THE MEANING OF AMERICA'S ENTRANCE INTO THE WAR

David Lloyd George

[address Delivered At The American Club In London,

APRIL 12, 1917.]

I am in the happy position of being, I think, the first British Minister of the Crown who, speaking on behalf of the people of this country, can salute the American Nation as comrades in arms. I am glad; I am proud. I am glad not merely because of the stupendous resources which this great nation will bring to the succor of the alliance, but I rejoice as a democrat that the advent of the United States into this war gives the final stamp and seal to the character of the conflict as a struggle against military autocracy throughout the world.
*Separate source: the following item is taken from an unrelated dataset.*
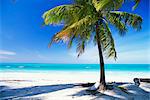 Palm tree, white sandy beach and Indian Ocean, Jambiani, island of Zanzibar, Tanzania, East Africa, Africa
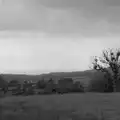 A lonely tree, Castle Dargan Golf, Glangelvin and Pizza in Dún Laoghaire, Ireland - 28th August 2026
That was the note that ran through the great deliverance of President Wilson.1 It was echoed, Sir, in your resounding words today. The United States of America have the noble tradition, never broken, of having never engaged in war except for liberty. And this is the greatest struggle for liberty that they have ever embarked upon. I am not at all surprised, when one recalls the wars of the past, that America took its time to make up its mind about the character of this struggle. In Europe most of the great wars of the past were waged for dynastic aggrandizement and conquest. No wonder when this great war started that there were some elements of suspicion still lurking in the minds of the people of the United States of America. There were those who thought perhaps that Kings were at their old tricks—and although they saw the gallant Republic of France fighting, they some of them perhaps regarded it as the poor victim of a conspiracy of monarchial swashbucklers. The fact that the United States of America has made up its mind finally makes it abundantly clear to the world that this is no struggle of that character, but a great fight for human liberty.

[graphic]

They naturally did not know at first what we had endured in Europe for years from this military caste in Prussia. It never has reached the United States of America. Prussia was not a democracy. The Kaiser promises that it will be a democracy after the war. I think he is right. But Prussia not merely was not a democracy. Prussia was not a State; Prussia was an army. It had great industries that had been highly developed; a great educational system; it had its universities, it had developed its science.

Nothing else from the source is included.